TASK DIRECTIONS:
Go through the entries below from the first line and output each one exactly, up to and including the line with "Apartamento para alugar com 70m², 2 quartos e 1 vaga Apartamento".

===============

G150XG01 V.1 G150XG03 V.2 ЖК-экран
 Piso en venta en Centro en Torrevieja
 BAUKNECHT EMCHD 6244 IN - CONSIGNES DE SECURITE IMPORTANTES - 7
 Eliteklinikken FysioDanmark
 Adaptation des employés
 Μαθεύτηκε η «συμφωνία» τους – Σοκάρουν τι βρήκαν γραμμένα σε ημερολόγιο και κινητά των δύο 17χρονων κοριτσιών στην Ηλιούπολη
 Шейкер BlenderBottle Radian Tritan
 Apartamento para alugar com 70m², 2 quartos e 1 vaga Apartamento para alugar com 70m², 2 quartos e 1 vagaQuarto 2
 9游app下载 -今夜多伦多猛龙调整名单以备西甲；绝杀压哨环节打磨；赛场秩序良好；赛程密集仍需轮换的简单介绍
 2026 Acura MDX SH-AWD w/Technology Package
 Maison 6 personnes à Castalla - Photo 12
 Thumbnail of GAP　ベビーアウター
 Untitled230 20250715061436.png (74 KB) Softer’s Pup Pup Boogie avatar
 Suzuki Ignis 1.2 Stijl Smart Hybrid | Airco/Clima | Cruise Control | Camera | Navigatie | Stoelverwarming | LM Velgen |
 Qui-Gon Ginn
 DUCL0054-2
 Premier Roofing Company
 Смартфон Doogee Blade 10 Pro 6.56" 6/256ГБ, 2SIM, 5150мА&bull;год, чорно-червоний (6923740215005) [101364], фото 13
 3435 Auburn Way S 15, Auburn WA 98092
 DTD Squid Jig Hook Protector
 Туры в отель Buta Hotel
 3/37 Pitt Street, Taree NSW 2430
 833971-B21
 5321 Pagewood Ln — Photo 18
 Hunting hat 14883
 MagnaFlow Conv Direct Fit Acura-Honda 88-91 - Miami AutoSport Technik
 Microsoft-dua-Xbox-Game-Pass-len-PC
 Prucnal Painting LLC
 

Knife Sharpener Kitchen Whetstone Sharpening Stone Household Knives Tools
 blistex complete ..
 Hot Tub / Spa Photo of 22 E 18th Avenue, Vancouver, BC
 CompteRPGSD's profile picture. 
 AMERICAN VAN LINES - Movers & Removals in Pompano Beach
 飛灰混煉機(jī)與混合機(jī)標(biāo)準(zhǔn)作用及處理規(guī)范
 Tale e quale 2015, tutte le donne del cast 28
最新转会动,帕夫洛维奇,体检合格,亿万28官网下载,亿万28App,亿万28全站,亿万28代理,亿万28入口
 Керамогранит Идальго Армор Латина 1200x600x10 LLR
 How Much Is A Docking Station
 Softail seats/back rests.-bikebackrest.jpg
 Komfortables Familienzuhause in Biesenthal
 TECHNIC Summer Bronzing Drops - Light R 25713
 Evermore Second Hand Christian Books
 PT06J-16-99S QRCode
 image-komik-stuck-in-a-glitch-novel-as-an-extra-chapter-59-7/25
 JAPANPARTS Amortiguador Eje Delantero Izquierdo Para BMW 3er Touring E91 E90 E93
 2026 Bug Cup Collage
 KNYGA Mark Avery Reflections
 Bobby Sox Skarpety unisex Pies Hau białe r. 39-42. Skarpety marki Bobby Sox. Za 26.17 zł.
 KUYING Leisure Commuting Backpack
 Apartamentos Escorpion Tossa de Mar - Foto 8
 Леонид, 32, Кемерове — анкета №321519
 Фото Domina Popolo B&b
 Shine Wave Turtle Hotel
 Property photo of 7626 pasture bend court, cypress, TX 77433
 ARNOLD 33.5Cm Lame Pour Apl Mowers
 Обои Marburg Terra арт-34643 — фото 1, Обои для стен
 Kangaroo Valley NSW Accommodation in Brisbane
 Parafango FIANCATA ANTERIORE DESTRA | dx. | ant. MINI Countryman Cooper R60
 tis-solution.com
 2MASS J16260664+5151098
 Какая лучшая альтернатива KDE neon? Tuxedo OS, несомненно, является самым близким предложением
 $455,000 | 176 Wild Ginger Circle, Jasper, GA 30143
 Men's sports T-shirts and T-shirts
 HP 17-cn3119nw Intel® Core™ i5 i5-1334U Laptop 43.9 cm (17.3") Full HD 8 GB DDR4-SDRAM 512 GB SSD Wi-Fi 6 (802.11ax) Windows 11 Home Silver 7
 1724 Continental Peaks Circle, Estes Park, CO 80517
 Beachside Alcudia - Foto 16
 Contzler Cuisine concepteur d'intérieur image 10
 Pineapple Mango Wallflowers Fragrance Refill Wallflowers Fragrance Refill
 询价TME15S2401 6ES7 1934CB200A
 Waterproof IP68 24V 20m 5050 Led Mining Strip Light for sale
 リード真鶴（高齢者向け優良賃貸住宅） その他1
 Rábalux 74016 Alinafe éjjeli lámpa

===============

RESULT OF THE TASK:
G150XG01 V.1 G150XG03 V.2 ЖК-экран
 Piso en venta en Centro en Torrevieja
 BAUKNECHT EMCHD 6244 IN - CONSIGNES DE SECURITE IMPORTANTES - 7
 Eliteklinikken FysioDanmark
 Adaptation des employés
 Μαθεύτηκε η «συμφωνία» τους – Σοκάρουν τι βρήκαν γραμμένα σε ημερολόγιο και κινητά των δύο 17χρονων κοριτσιών στην Ηλιούπολη
 Шейкер BlenderBottle Radian Tritan
 Apartamento para alugar com 70m², 2 quartos e 1 vaga Apartamento para alugar com 70m², 2 quartos e 1 vagaQuarto 2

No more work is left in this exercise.